Herzog’s Encounters at the Edge of the World explores Antarctica
Enigmatic director Werner Herzog has, during nearly 50 years of making films, been drawn to the outskirts of man’s inhabitation of the planet. In Aguirre, the Wrath of God, he envisioned conquistadores making their way along the Amazon, and in Fitzcarraldo, an obsessed opera-lover tries to build an opera house in the middle of the Peruvian jungle.
Herzog portrays not only the outside of civilization, but its outsiders, people who cannot bear to lead ordinary lives, and who will go literally to the ends of the Earth to escape them. The director himself has remained an outsider, refusing to work in traditional ways, refusing to be pigeonholed as a documentary or narrative filmmaker.

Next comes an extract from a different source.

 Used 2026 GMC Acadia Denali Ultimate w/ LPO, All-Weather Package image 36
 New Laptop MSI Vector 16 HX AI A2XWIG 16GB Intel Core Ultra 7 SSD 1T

Which is why it will surprise no one who’s followed his career that he allowed this instinct to lead him to Antarctica in the documentary Encounters at the Edge of the World, the third offering of the AEC’s fall Independent Film Series.
Shot in Antarctica as part of the National Science Foundation’s Antarctic Artists and Writers Program, the film crew for“Encounters” consisted of Herzog, who recorded all production sound, and cinematographer Peter Zeitlinger. Sources about the film note, “The two went to Antarctica without any opportunity to plan filming locations or interview subjects, and had only seven weeks to conceive and shoot their footage. Herzog often met his interview subjects only minutes before he began shooting them.”
Herzog filmed not only the unearthly beauty of the frozen world, both above and below the ice, but also the lives of the 1,000 men and women who live in Antarctica, mostly in quest of scientific knowledge.
As one review describes the film’s subjects: “A scientist studies neutrinos, which are everywhere, yet elusive; he likens them to spirits. A researcher’s nighttime performance art includes contorting her body into a luggage bag. A survival guide teaches his students to survive whiteout conditions by wearing cartoon-face buckets over their heads. Animal researchers milk mother seals as part of their study. Volcanologists offer advice on what to do when a volcano erupts. A pipefitter shows us the anomaly in his hands that he says are a sign he descended from Aztec royalty. A former Colorado banker drives what he has christened Ivan the Terra Bus. An underwater diver shows his colleagues DVDs of apocalyptic sci-fi films like Them! And…we meet a penguin researcher who answers the filmmaker’s questions about homosexuality and insanity in his subjects. We also meet an individualist penguin, who breaks away from the other birds to run toward the mountains, facing certain death.”
No wonder Herzog found the subject irresistible. This film will be a must-see for fans of this true original.